What did they measure? 20 samples from each of five cancer cohorts collected from multiple geographic sites and 20 noncancer samples. A reference immunosignature was generated. Then 120 blinded samples from the same diseases gave 95$% classification accuracy. To investigate the breadth of the approach and test sensitivity, the immunosignatures 75% of over 1,500 historical samples (some over 10 years old) comprising 14 different diseases were used as training, then the other 25% were read blind with an accuracy of over 98% — not too impressive, they need to get another 1,500 samples. Once you’ve trained on 75% of the sample space, you’d pretty much expect the other 25% to look the same.

The immunosignature of a given individual consists of an overlay of the patterns from the binding signals of many of the most prominent circulating antibodies. Some are present in everyone, some are unique.

A 2002 reference (Molecular Biology of the Cell 4th Edition) states that there are 10^9 antibodies circulating in the blood. How can you pick up a signature on 10K peptides from this. Presumably neoAntigens from cancer cells elicit higher afifnity antibodies then self-antigens. High affiity monoclonals can be diluted hundreds of times without diminishing the signal.

The next version of the immunosignature peptide microArray under development contains over 300,000 peptides.

The implication is that each cancer and each disease produces either different antigens and or different B cell responses to common antigens.

Since the peptides are random, you can’t align the peptides in the signature to the natural proteomic space to find out what the antibody is reacing to.

It’s a completely atheoretical approach to diagnosis, but intriguing. I’m amazed that such a small sample of protein space can produce a significant binding pattern diagnostic of anything.

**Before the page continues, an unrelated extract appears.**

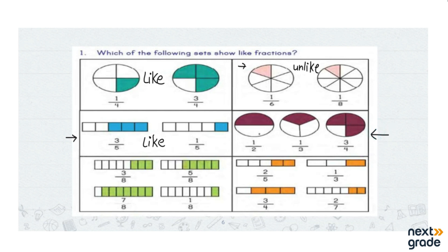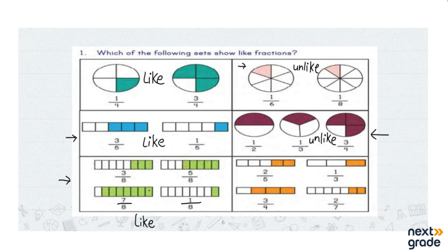In this example there are three circles and every circle has a different denominator, so it is an unlike fraction. When all the denominators are the same but the numerators are different, that doesn't change anything — like fractions are defined by having the same denominator. So those are like fractions. The next examples shown are also like fractions.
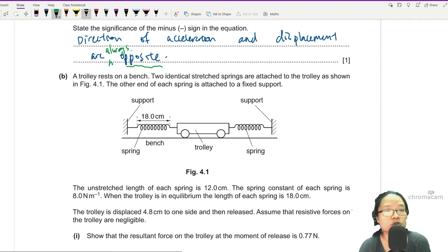Net force equals 2 × F_spring from the extra extension. Using Hooke's Law, F = kx, with spring constant k = 8.0 N/m and extra extension x = 4.8 × 10⁻² m: net force = 2 × 8.0 × 4.8 × 10⁻² = 0.77 N. Shown.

It’s worth considering just what a random peptide of 17 amino acids actually is. How would you make one up? Would you choose randomly giving all 20 amino acids equal weight, or would you weight the probability of a choice by the percentage of that amino acid in the proteome of the tissue you are interested in. Do we have such numbers? My guess is that proline, glycine and alanine would the most common amino acids — there is so much collagen around, and these 3 make up a high percentage of the amino acids in the various collagens we have (over 15 at least).